Graphical visualization can be a powerful tool for understanding and explaining complex tasks such as parallel computation. Appropriate displays of concurrent programs can help the viewer develop intuition about performance and correctness problems that stem from unanticipated interactions between processes. In the following sections, we discuss the various inherent taks involved in creating a visualization of a parallel program: data collection, analysis, and display.
Instrumentation can be done at various levels: hardware, operating system, run-time environment, application program, etc. With each of these levels of instrumentation, one can obtain various levels of information: at the hardware level, one can obtain process CPU times, program counter samples, cache misses, etc; at the operating system level, one can obtain information such as messages sent and received, process creation, scheduling, etc.; run-time environment instrumentaion can provide information such as state of various run-time queues, the acquisition and release of locks, procedure calls and returns, etc.; application level instrumentation can provide information about abstract, high-level, and user-defined events.
Data collection for concurrent systems is more complicated than for sequential systems. Concurrent programs tend to be long running and produce large amounts of data. It is hard to determine globally consistent states as the data is distributed across separate memories.
On-line versus post-mortem visualization: On-line viz. can provide up-to-the-moment view of the computation's progress and can reduce the overhead of storage. However, the viz. cannot be too detailed. Post-mortem viz. provides the opportunity for a more detailed display than can proceed at a user-specified pace, and generally will perturb the program to a lesser extent. Filtering and reduction of data might have to be used to reduce the storage overhead.
Collection of data from concurrent programs involves multiple streams of data and these streams must be appropriately ordered and merged for analysis and visualization.

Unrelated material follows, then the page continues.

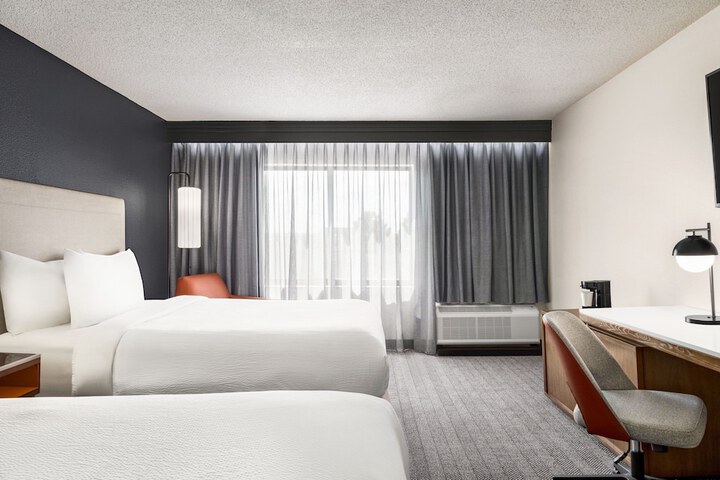 Courtyard Houston Sugar Land / Stafford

Lamport defined a consistent ordering of events in a distributed system in terms of the happened-before relationship.
IPS-2 is an example of a system which creats intermediate data structures such as procedure call, synchronization, and other flow graphs, as part of the analysis process. Pablo is an example of a system where the analysis phase is user-directed; user can manipulate a set of performance data transformation modules that the user can manipulate and interconnect graphically. EBBA is a high-level debugging tool that allows the user to specify models of program behavior consisting of abstract and primitive events. Clustering and filtering techniques are used to examine the stream of primitive events from the program, and applies a pattern-matching algorithm to construct user-specified abstract events. TraceViewer is a tool for detecting non-determinism.
One form of analysis peculiar to parallel systems is the determination of the order of events. At the simplest level, this might involve assignment of timestamps to events. Lamport's logical time ordering is convenient in obtaining a consistent casual ordering.
Gthreads package provides an animated program call graph view, which is dynamically constructed as threads are forked, functions are called, and the point of execution of a thread moves from function to function. Conch provides a message passing view, where processes are arranged around the outside of the circle, and messages are represented as colored disks that move into the center of the ring when sent and out to the receiving process upon receipt. The AIMS system presents the network topology view of the system under study. Many debuggers show a running display of communications over time in their time-process diagrams. A number of performance evaluation systems provide displays of statistical information.
Above examples illustrate generic displays rather than application-specific displays. Application specific displays require a little more effort on the part of the developer. Voyeur, PARADISE, BALSA, Tango, Pavane, and POLKA are some of the examples.